Denn an diesem Sonntag lockte die Neuauflage des seit Jahren ähnlich gearteten Duells SC Deining gegen die SG Baiernrain/ D’zell II die Prominenz in den Schmotz-Wasser-und-Wärme-Park. Zum dritten Mal in der laufenden Saison, jedoch zum ersten Mal im Rahmen der neu geschaffenen Meisterrunde gaben sich die beiden Kontrahenten die Ehre und erhofften sich neben Ruhm und Ehre drei Punkte im Wettstreit um den Aufstieg. Und obwohl die Bilanz der jüngeren Vergangenheit in diesem Aufeinandertreffen deutlich für die Gastmannschaft sprach, wurde im Kreise der Heimmannschaft, nicht zuletzt aufgrund des überraschenden Deininger Auswärtssieges in Deisenhofen zum Start der Meisterrunde, ein Duell auf Augenhöhe erwartet. Ein Kader bestehend aus 18 Mann, die Aussicht auf einen Derbysieg, das potenzielle Vorbeiziehen an einem unmittelbaren Konkurrenten, ein ausgelobter Anreiz in Form von Flüssignahrung sowie der Geburtstag von Legende Norbert „Koks“ Strobl lieferten Gründe genug, dem Anpfiff um 15 Uhr positiv entgegenzufiebern und dem geschichtsträchtigen Datum des 02.04. ein weites Großereignis in die Chronik der Welthistorie hinzuzufügen.

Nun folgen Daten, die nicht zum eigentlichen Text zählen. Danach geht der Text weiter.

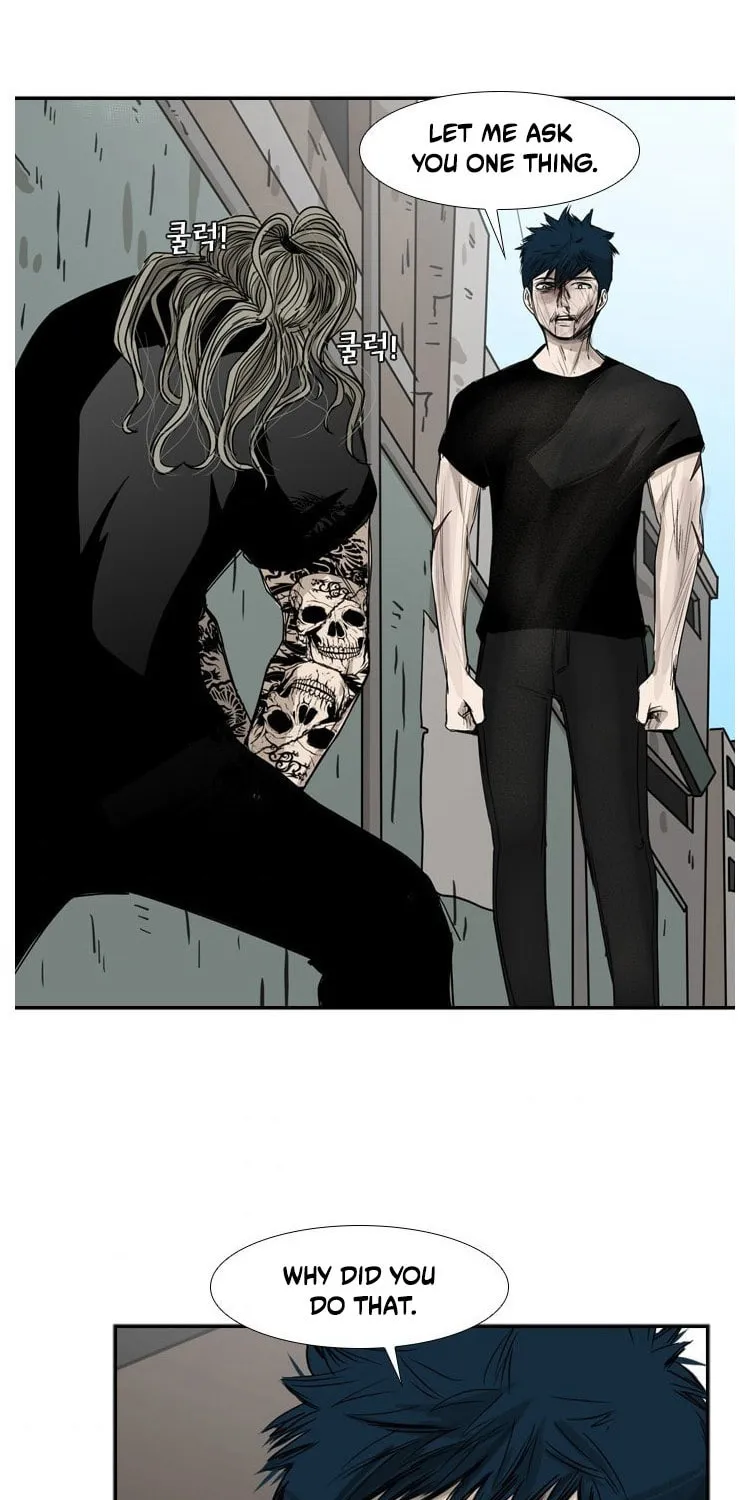 Read Shark chapter 65 image 83 on Lezhin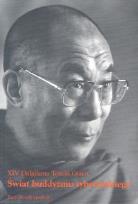 Okładka książki Świat buddyzmu tybetańskiego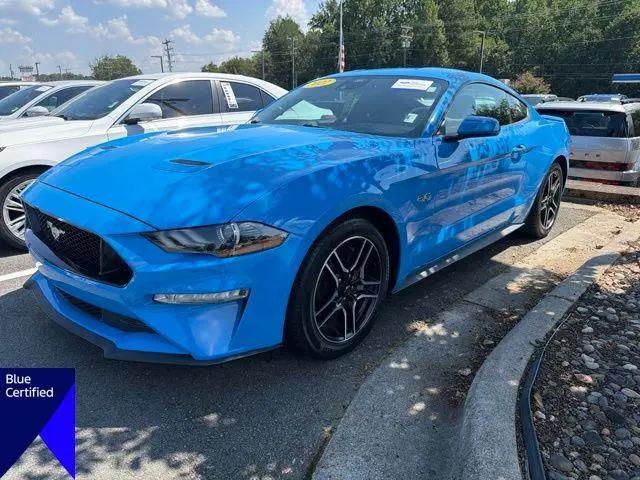 2022 Ford Mustang GT Fastback for sale in Mooresville, NC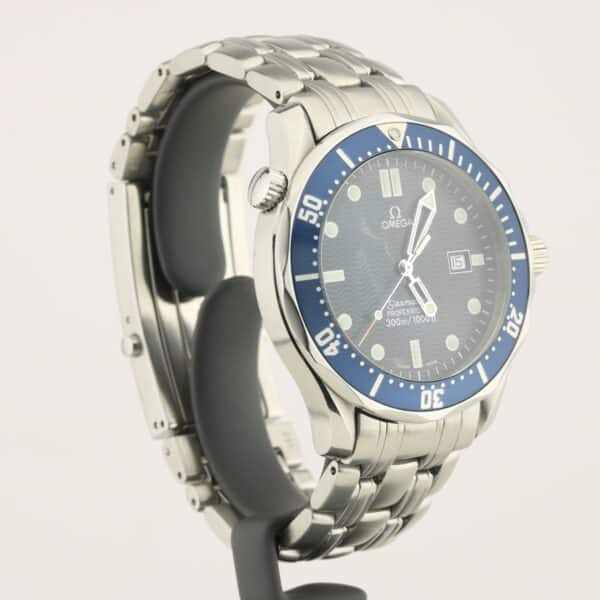 omega seamaster professional 196.1523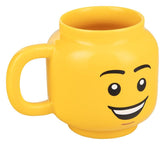 Lego Mug Minifigure Head Shaped 5056577783605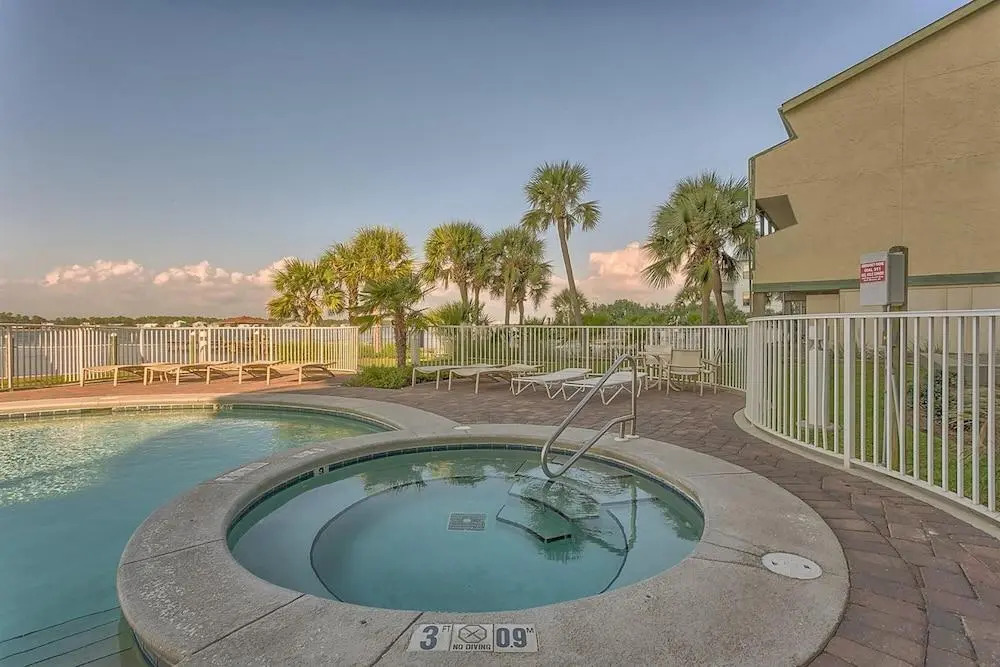 Bel Sole by Southern Vacation Rentals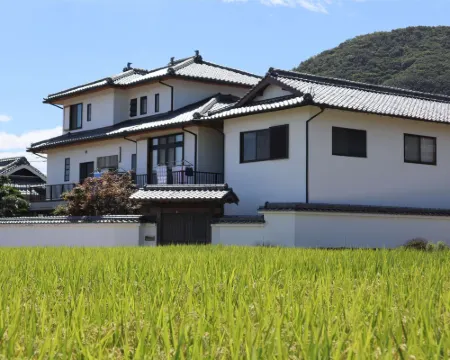 Machiyado Aete Hoteles en Sanuki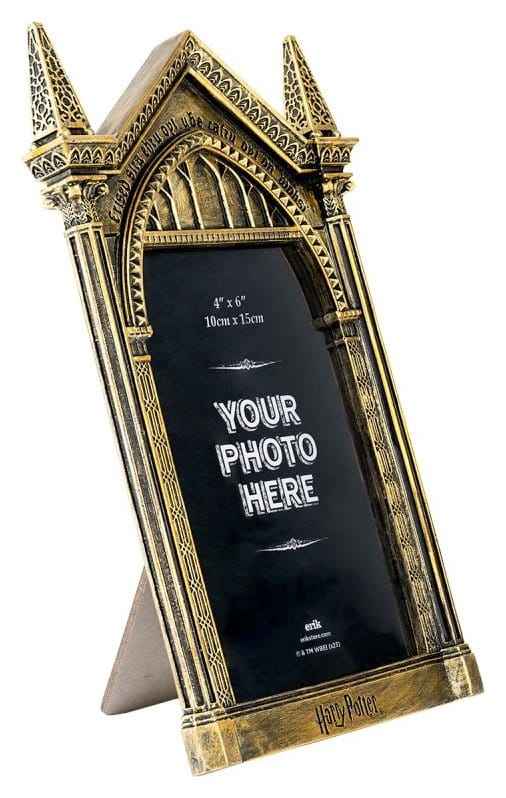 Harry Potter Mirror of Erised 3D Fotoram 10 x 15 cm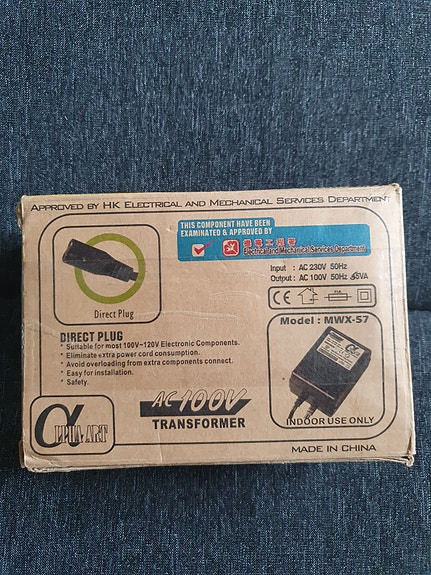 Product image 2 of 3
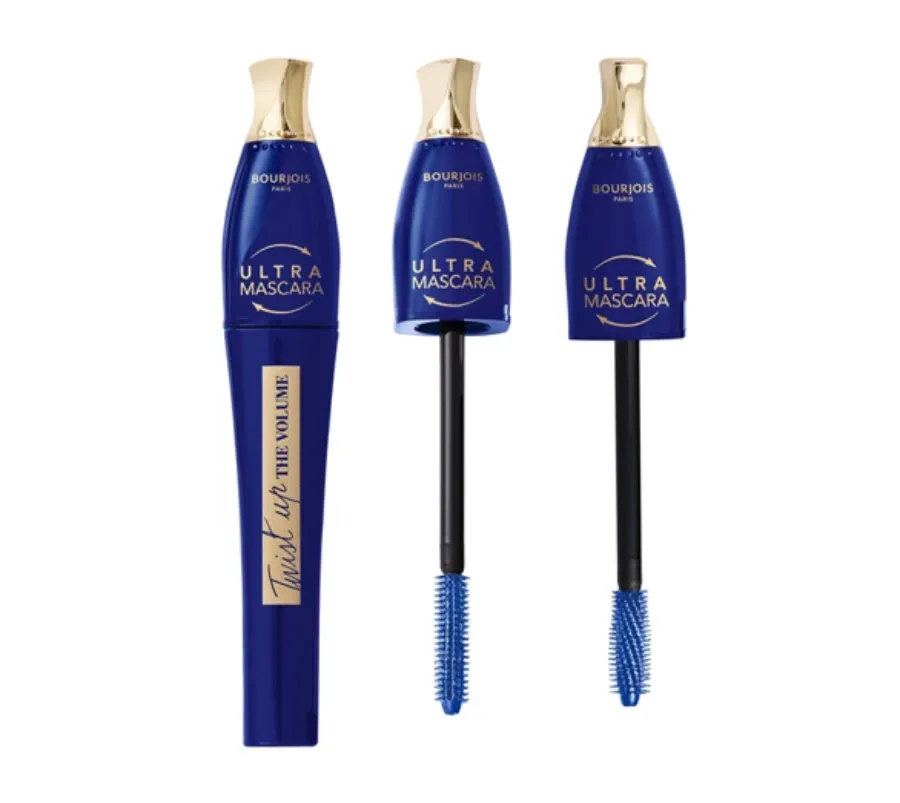 obrazek 1 Bourjois Twist Up the Volume Blue 8 ml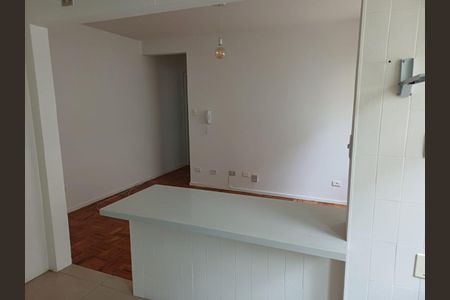 Apartamento à venda com 1 quarto, 50m² em Lapa, São Paulo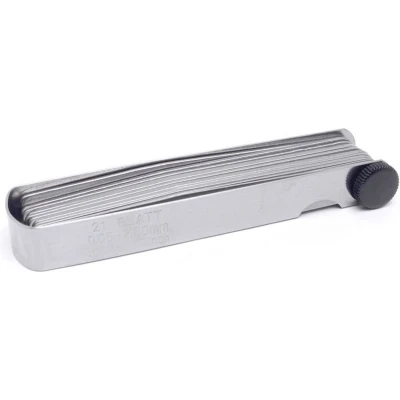 Afbeelding van Bernstein Tools for Electronics Werkzeugfabrik 7 515 Sensormaat 2 mm (max) Aantal paginas: 21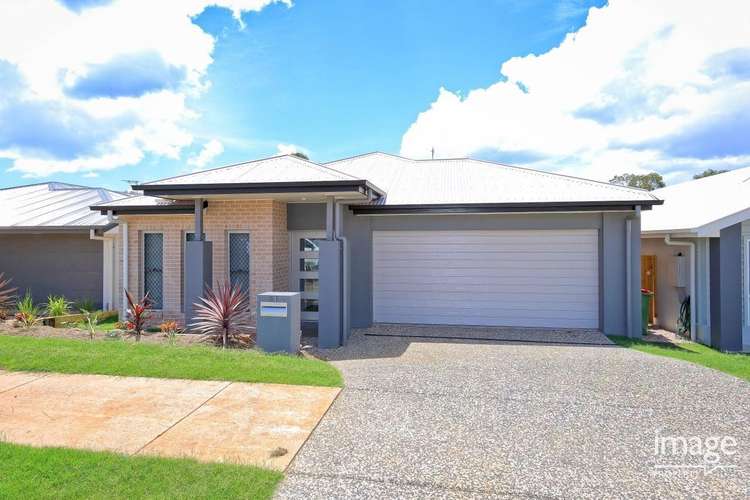 Main view of Homely house listing, 20 Swansea Circuit, Redland Bay QLD 4165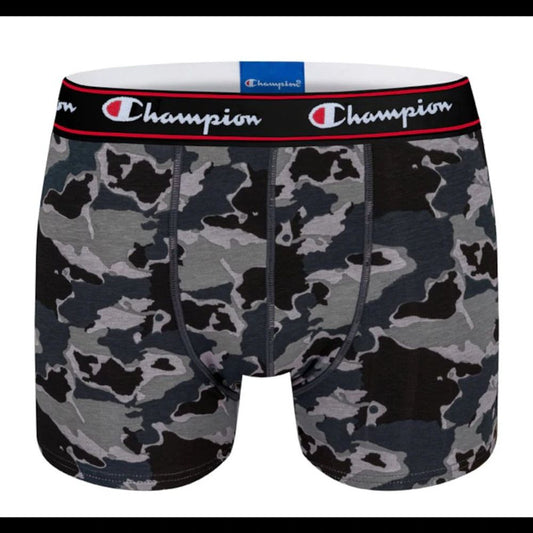 Champion Bicolor Cotton Boxers
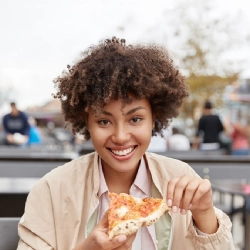 Stomach Cramps and Bloating after Indulging? Here's how Scopex<sup>®</sup> can Help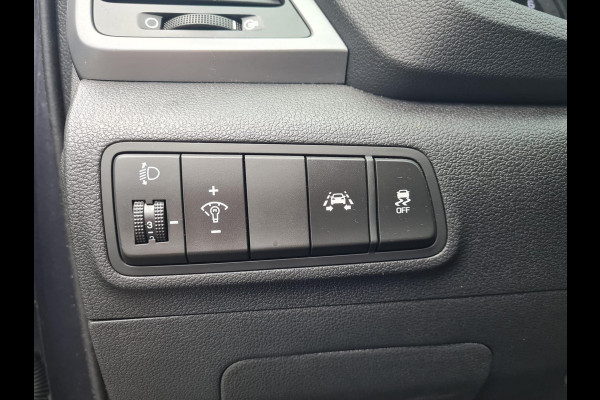 Hyundai Tucson 1.6 GDi Comfort | navigatie | trekhaak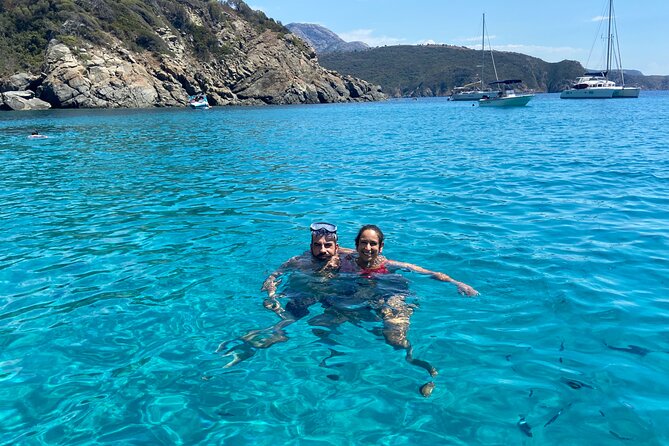 excursion Scandola- Girolata - Calanques de piana- Capo rosso - Who will enjoy this trip most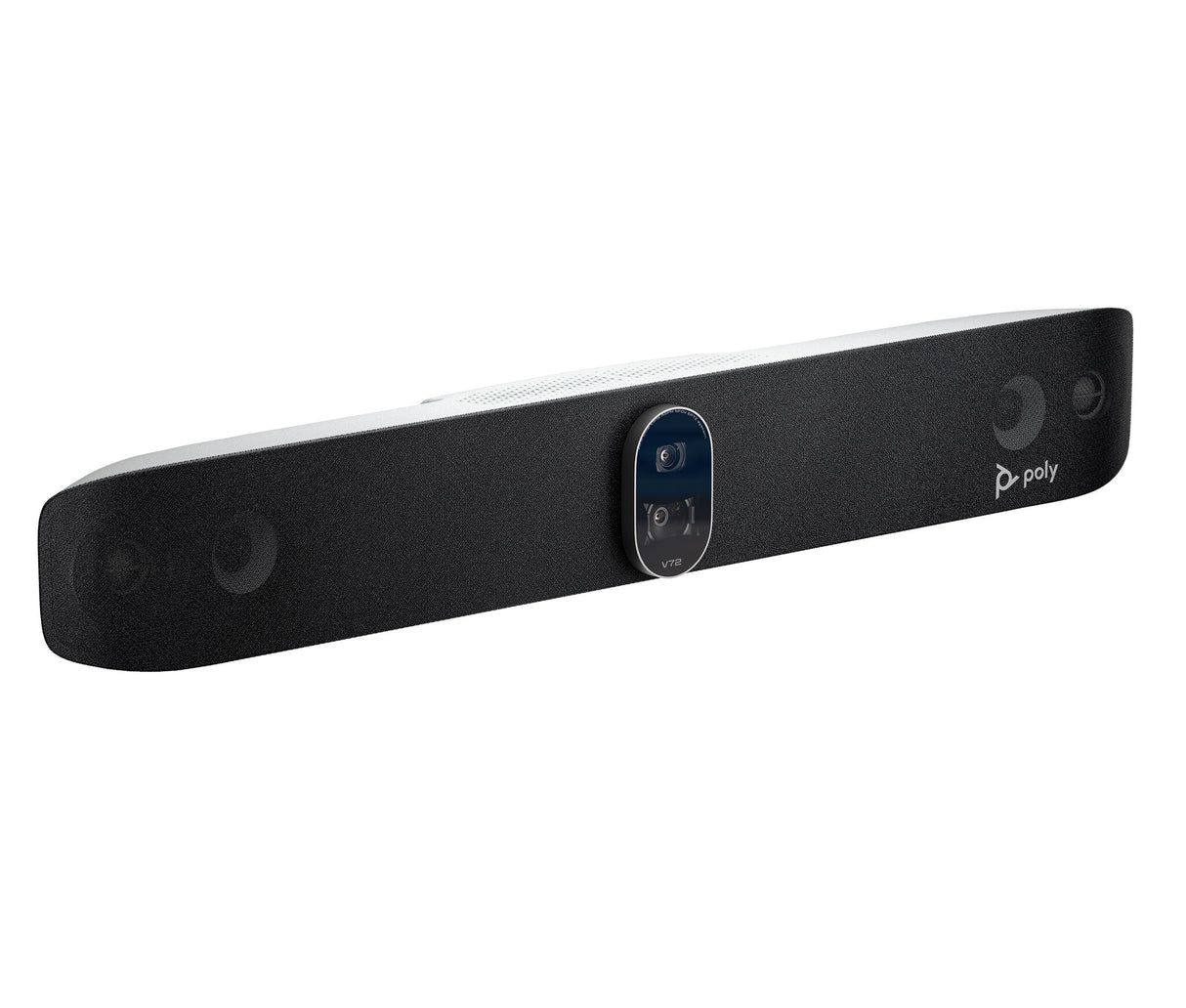 HP Poly Studio V72 USB Video Bar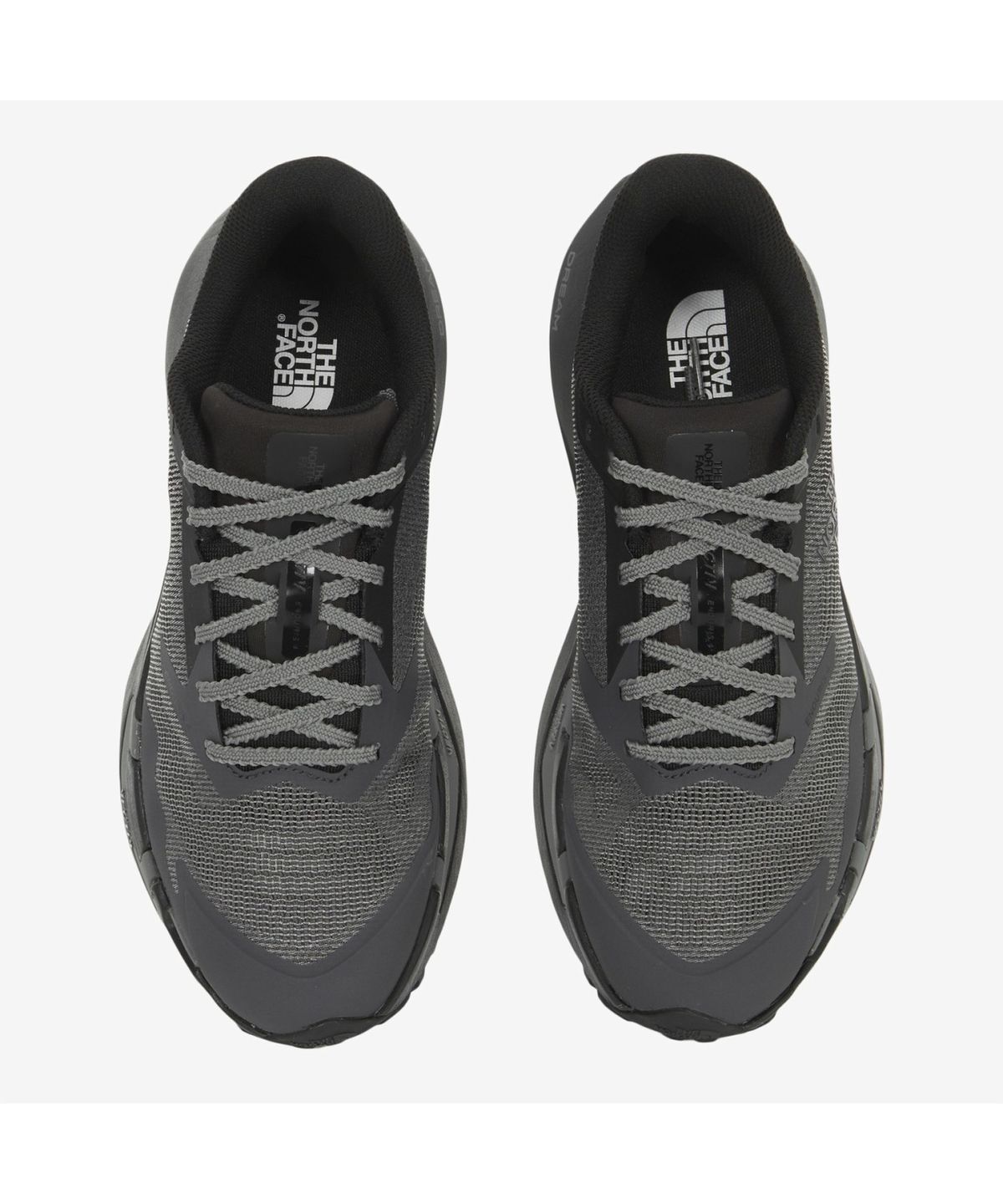 노스페이스(THE NORTH FACE) NS97S03B 남성 벡티브 엔듀리스 4 BLACK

Der 2. April bezieht seine Bedeutung nämlich nicht nur aus dem Wiegenfest des Deininger Aufstiegstrainers, sondern auch aus weiteren, ähnlich lang zurückliegenden Ereignissen: am 2. April 568 fallen die Langobarden in Norditalien ein und erheben Gisulf den Ersten zum Herzog von Friaul, am 2. April 1814 erklärt der französische Senat Napoleon Bonaparte für abgesetzt und am selben Datum, 44 Jahre davor, erblickt der deutsche Rittergutsbesitzer und Politiker Carl Friedrich Wilhelm August von Ziegler und Klipphausen in der Oberlausitz das Licht der Welt. An dieser Stelle beiden Urgesteinen alles Gute!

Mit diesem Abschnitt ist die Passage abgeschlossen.